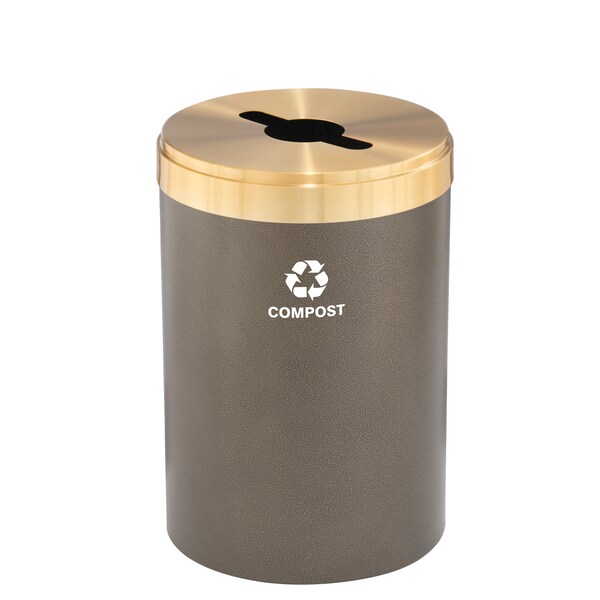 Glaro 33 gal Round Recycling Bin, Bronze Vein/Satin Brass - M-2032BV-BE-M4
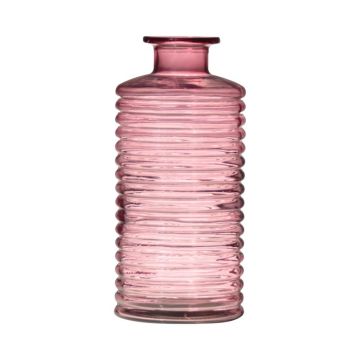 Glas Flasche STUART mit Rillen, rosa-klar, 31cm, Ø14,5cm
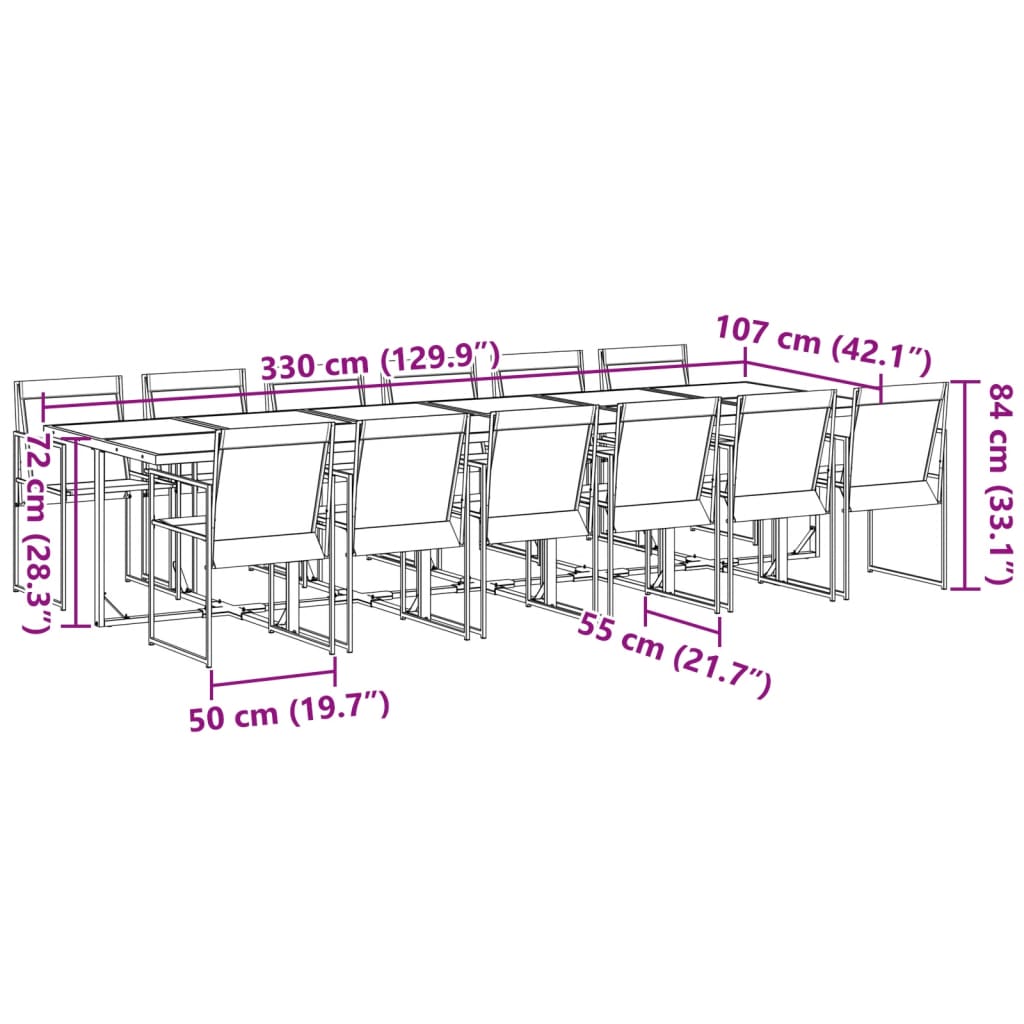 13 pcs conjunto de jantar para jardim textilene preto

^^^^^^^^^^^^^^^^

### [ACTION ITEM]
Set down exactly the lines between the one with "Glas Flasche STUART" and the last line of the material above, both included, but none of the pictures.

### [TASK OUTPUT]
 Glas Flasche STUART mit Rillen, rosa-klar, 31cm, Ø14,5cm
 13 pcs conjunto de jantar para jardim textilene preto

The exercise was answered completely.